When the threat comes not from enemy people but from nature, we find it much harder to rise to the occasion. Although leaders are not elected or selected for such things, we want them to give us more, leading us onwards and upwards in coping with deep, long-term climate crises. 

There is no way for the world to meet its 1.5C warming goal without leadership. 

Experts at the Green Goals Summit held in Dubai spoke about the importance of leadership in implementing and delivering the commitments toward environmental, social, and governance (ESG) goals into decision-making and empowering youth into action to make a real difference. 

Talking about a big shift in attitude, they said companies are now undertaking solutions to sustainability not just because it is “something nice to do for the planet” but because it is “something they cannot do without.” 


As overwhelming and omnipresent as the climate crisis is – from responsible investments to measuring their carbon footprint – companies are trying to solve it.

Throwing light on the three main pillars of sustainability, Hanan Al Yafei, Executive Director, Responsible Investing Unit at Mubadala, says that measurement, stewardship, and integration are key to making businesses sustainable.  

“It is first important for leaders to understand the baseline of the carbon footprint of the operations. The second thing is addressing gaps in the market. Leaders need to think about climate-related investment strategies. The last step is integrating these strategies into the investment lifecycle,” adds Al Yafei. 

Fazil Abdul Rahiman, Group VP for Sustainability and Climate Change, TAQA, echoed Al Yafei’s thoughts, adding that having a baseline allows companies to understand their impact on the environment and helps be in line with the country’s sustainable goals. 
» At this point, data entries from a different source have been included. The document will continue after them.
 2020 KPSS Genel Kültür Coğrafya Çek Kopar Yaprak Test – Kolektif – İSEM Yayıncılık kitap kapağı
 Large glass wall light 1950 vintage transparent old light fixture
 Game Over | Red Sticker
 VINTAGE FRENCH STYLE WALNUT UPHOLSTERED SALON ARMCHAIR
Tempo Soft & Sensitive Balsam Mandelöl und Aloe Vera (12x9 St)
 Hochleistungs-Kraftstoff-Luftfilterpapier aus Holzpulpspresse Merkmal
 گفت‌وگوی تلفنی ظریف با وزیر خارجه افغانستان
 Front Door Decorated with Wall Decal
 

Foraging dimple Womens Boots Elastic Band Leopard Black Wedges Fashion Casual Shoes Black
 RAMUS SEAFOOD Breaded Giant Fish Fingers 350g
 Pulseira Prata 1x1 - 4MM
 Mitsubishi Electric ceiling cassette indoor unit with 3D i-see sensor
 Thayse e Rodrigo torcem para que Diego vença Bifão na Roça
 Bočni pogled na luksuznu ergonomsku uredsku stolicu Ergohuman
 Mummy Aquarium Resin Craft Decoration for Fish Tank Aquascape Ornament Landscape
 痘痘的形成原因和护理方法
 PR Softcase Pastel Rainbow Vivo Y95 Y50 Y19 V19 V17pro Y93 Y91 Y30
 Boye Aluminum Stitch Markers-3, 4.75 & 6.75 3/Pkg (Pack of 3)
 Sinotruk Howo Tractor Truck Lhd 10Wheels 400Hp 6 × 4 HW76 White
“We not only have the responsibility to measure the emissions, but to develop and implement programs to reduce emissions in line with UAE’s net-zero plan,” he says. “The next step for us in the journey is to estimate Scope 3, to understand what the impact is from a value chain perspective, set targets for it, and eventually make sure it’s verifiable.” 

Identifying suppliers and helping them decarbonize their operations by making sustainability a criterion for collaboration also aids in rapidly speeding up sustainability in operations for hundreds of businesses, says Ayman Ismail, Vice President of Government Affairs, Strategy & Sustainability, Schneider Electric.

“We believe that business for good is good for business,” he says. Schneider Electric has identified around 1000 suppliers who make up 90% of its revenues and is helping them decarbonize their procurement policies and their day-to-day operations. 


While companies are trying their best to reduce emissions from their business operations, there are a few challenges, like geopolitical issues and a lack of awareness, that they still need to overcome. Despite the Paris Agreement and annual conferences of parties (COPs), emissions are rising. 

Ismail says, “When we looked at the greenhouse gas emissions in the last two years, 2021 and 2022, we found that they had increased. While we are on a trajectory where we need to decrease emission, the opposite is happening.”

He adds that though there is a commitment of a $100 billion annual fund for developing countries to boost renewables, geopolitical issues are preventing it from being realized. Citing the example of the aviation industry — one of the biggest polluters –, Ismail adds that the availability of adequate alternate green fuels for many industries is a major obstacle.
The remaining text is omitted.